"An agent was appointed to a board of an organization and noted that they had their customers sign off on 3-4 pages of disclaimers. He was putting together a sheet for his agency’s use and wondered if you would have someone to look over these to see if you have any further suggestions. I have attached the form that he is trying to put together for your review."
There is no question that some disclaimers can be helpful, ranging from disclaimers when placing business with an E&S carrier to "disclaimers" along the lines of coverage declinations. But it's possible to accomplish much the same purpose for a variety of situations by using coverage checklists that might come across as more positive and certainly more comprehensive. Below are some VU faculty suggestions.
There are some simple sample checklists on the VU. Go to the VU home page and log in, then on the left side under "QuickLinks," scroll down to the Checklists section. Also, the Big "I" E&O program has a sweet deal with Rough Notes that packages their PF&M (similar to FC&S) reference materials with coverage checklists and many other products at an extraordinary low price.
I would much prefer a good coverage checklist. This disclaimer list only shotguns a few isolated issues and, even in the points raised, isn't completely accurate. (Examples: 1. Last sentence in the General Liability section: "I understand it only provides liability coverage for my operations as explained to me." 2. In the last item on Comp and Collision, I have never heard of there being a coinsurance clause; also, the comment about how the valuation methods apply isn't correct - Stated Amount would not come into play in the unendorsed BAP/PAP.) Bottom line: I would describe this document as Plaintiff's Exhibit #1.
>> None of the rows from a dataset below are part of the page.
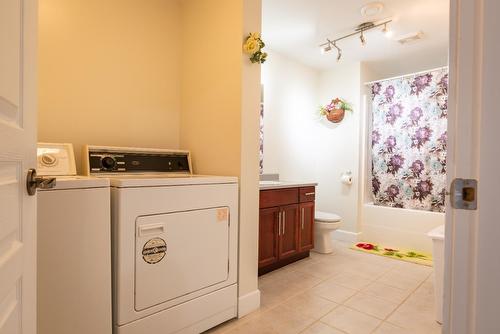 3405 9Th Avenue, Castlegar, BC - Indoor Photo Showing Laundry Room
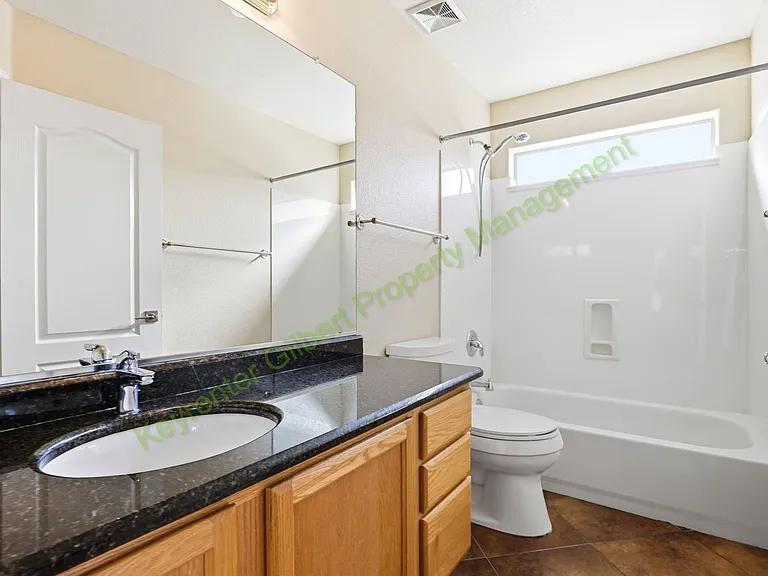 1137 S Hazel St — Photo 21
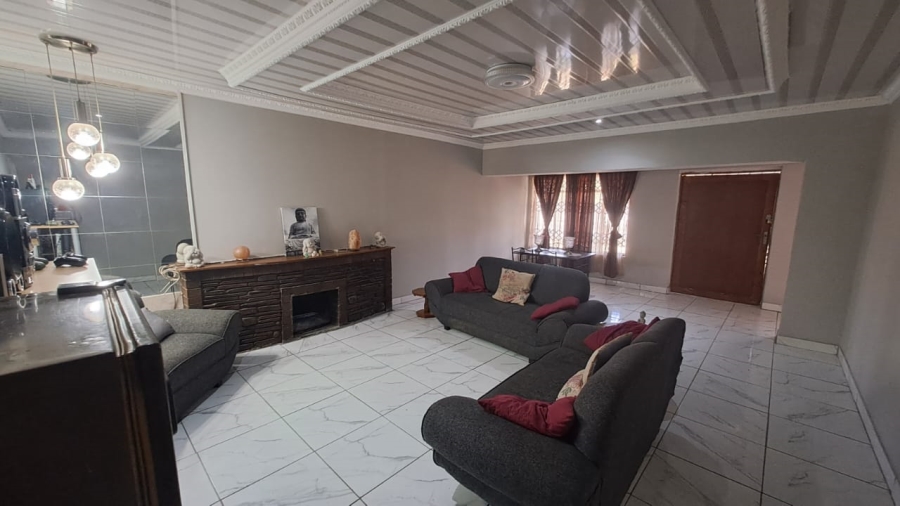 To Let 3 Bedroom Property for Rent in Three Rivers Gauteng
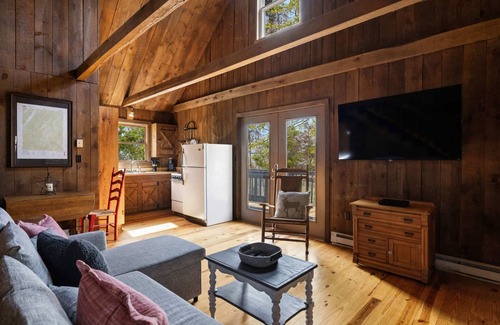 Mathias Cabina | Cabin w Fire Pit, Grill & Games, Dog-Friendly!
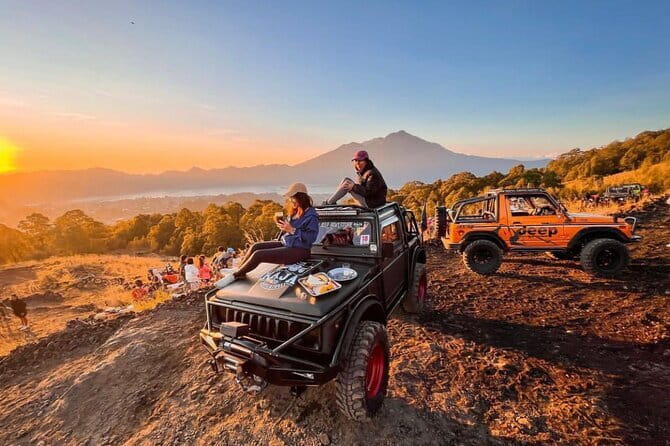 4WD Jeep Mount Batur Sunrise Experience By Bali Volcano Jeep - Hot spring and lunch: check what is actually included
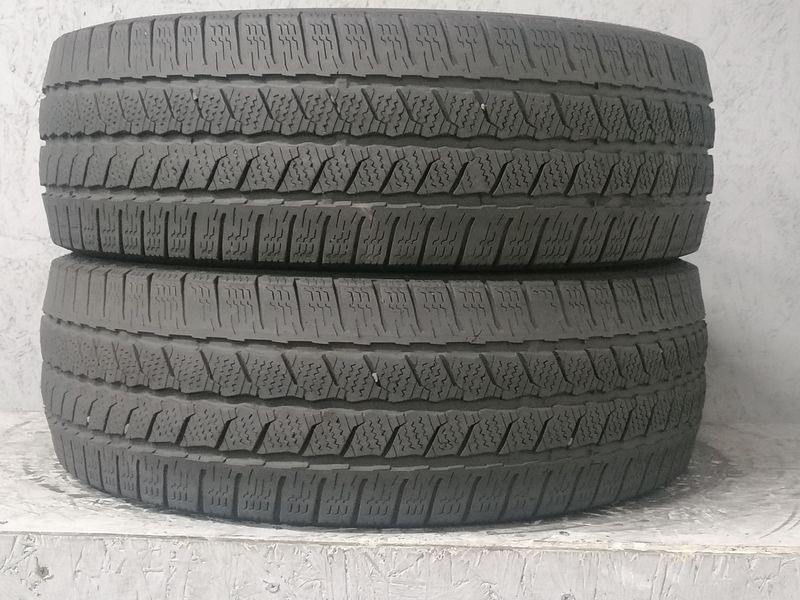 Шини б\у 215/60 R16C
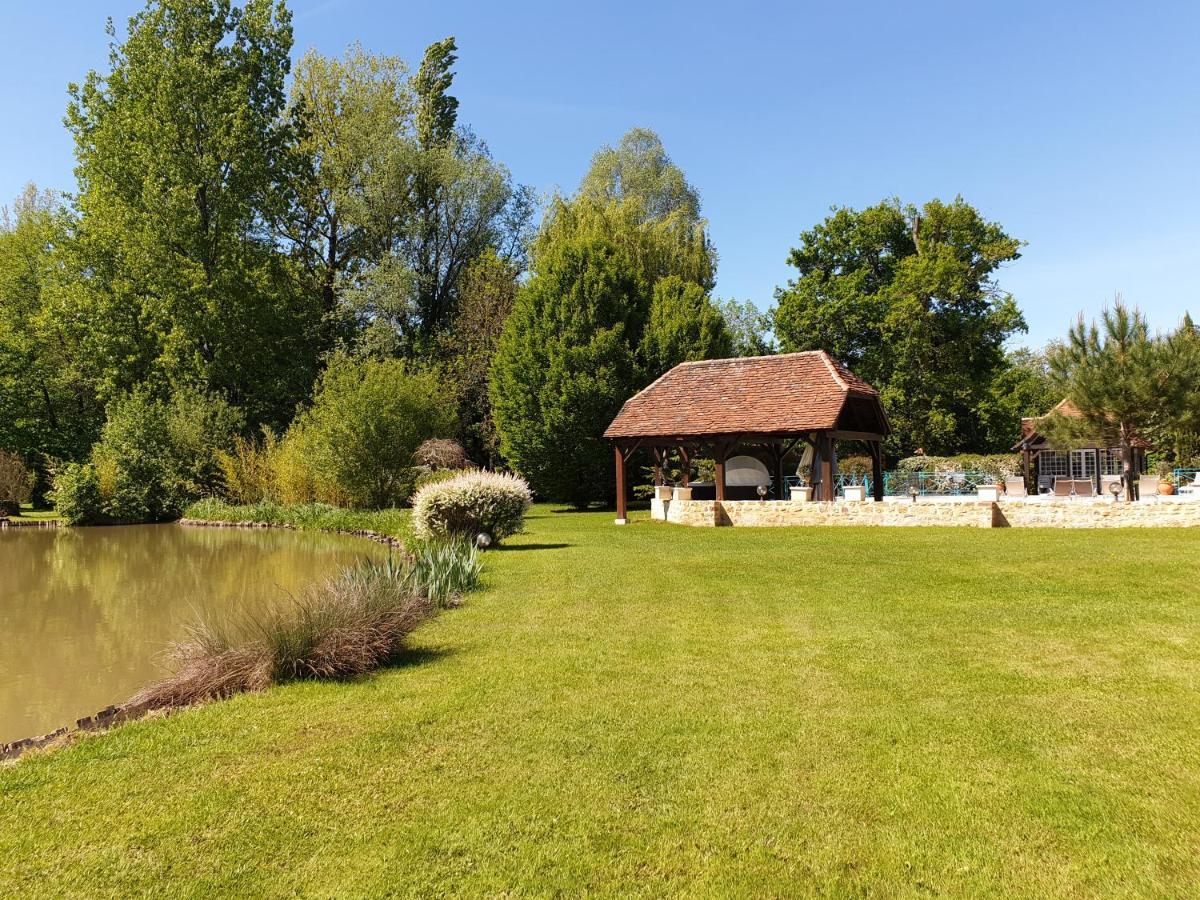 Bed and Breakfast Moulin Du Soustre Cavagnac Esterno foto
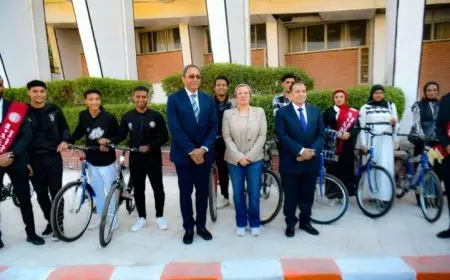 وزيرة البيئة تسلم 30 دراجة للفائزين في مسابقة صحتنا من صحة كوكبنا بجامعة جنوب الوادي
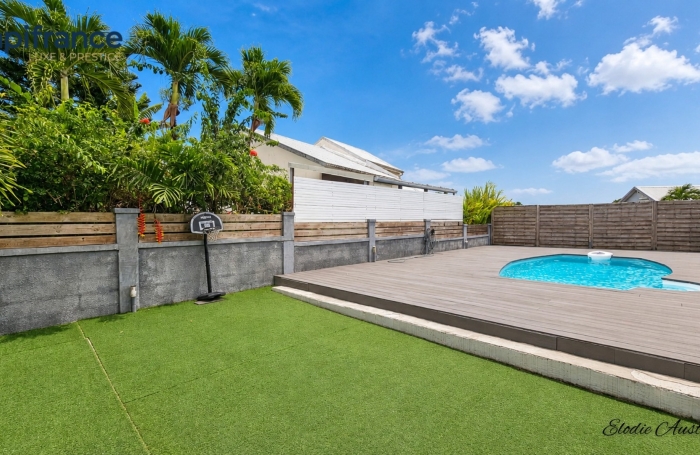 Vente Maison 226m&sup2; 8 pièces Lamentin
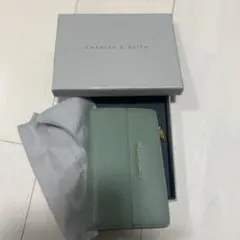 【美品】CHARLES & KEITH グリーン 二つ折り財布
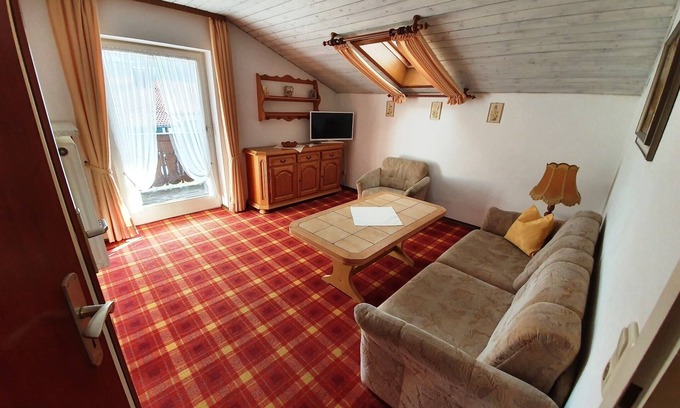 Sankt Valentin Apartment | Ferienwohnung Rauschberg Balk., Küche, 1 Schlaf- u. 1 Wohn-/schlafz., max 4 P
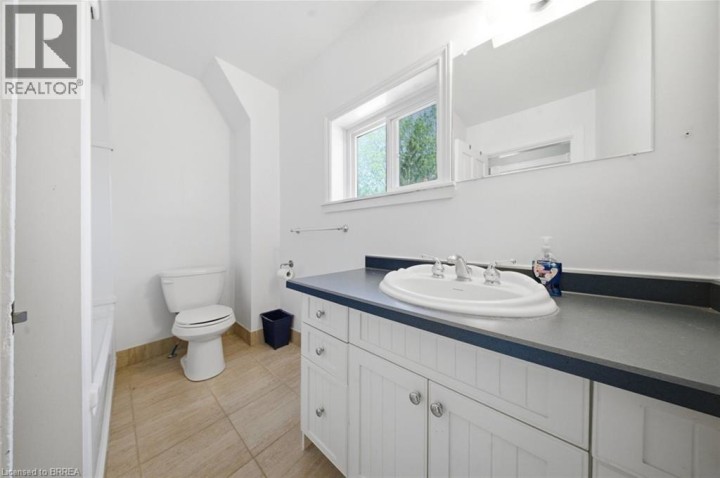 Photo 17 at 76 Brock Street, East Ward, Brantford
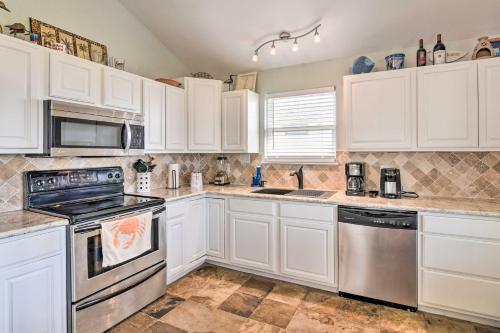 Galveston Home with Pool Access - Walk to Beach in Galveston, USA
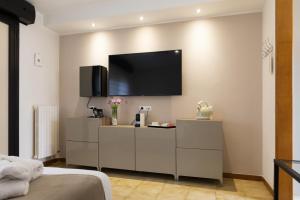 塔兰托图尔斯波特酒店的卧室配有壁挂式平面电视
The form is about a thousand pages too short. To provide absolute protection against E&O, the client needs to sign off on a lot more things.
Even if you create a checklist that includes everything in the universe, having the client sign off still won't prevent an E&O lawsuit. There are dozens of things that can allow the plaintiff's attorney to sidestep this device.
Although it might make sense to have a client sign off onone or two important items, adding more items doesn't necessarily add more protection. By making the list longer and more legalistic you fall into the trick many of us have seen in E&O cases: "The agent shoved a bunch of papers at me and said I should sign. They were very complicated and I didn't understand them...."
There's a place for checklists (pilots and surgeons use them all the time), but I'm not convinced that sign-off sheets like this do any good. One man's opinion.
I think the problem with checklists like this is that by listing some items, but not all possible items, the failure to capture a particular item can lead to problems if that becomes a contested point between the insured and the insurer. I’d create a document that includes just the issues discussed with that particular customer, and indicate the disposition of those items only, such as whether insurance was provided or declined, and any options accepted or rejected.
The issue of rejecting mandated Workers’ Compensation coverage should be handled in a letter as a single issue, not as an item on a checklist, in my opinion.
Since it is the case that even people who make really poor decisions need insurance, I don’t think a customer’s decision not to carry Workers’ Compensation should be a bar to an agent providing other insurance products.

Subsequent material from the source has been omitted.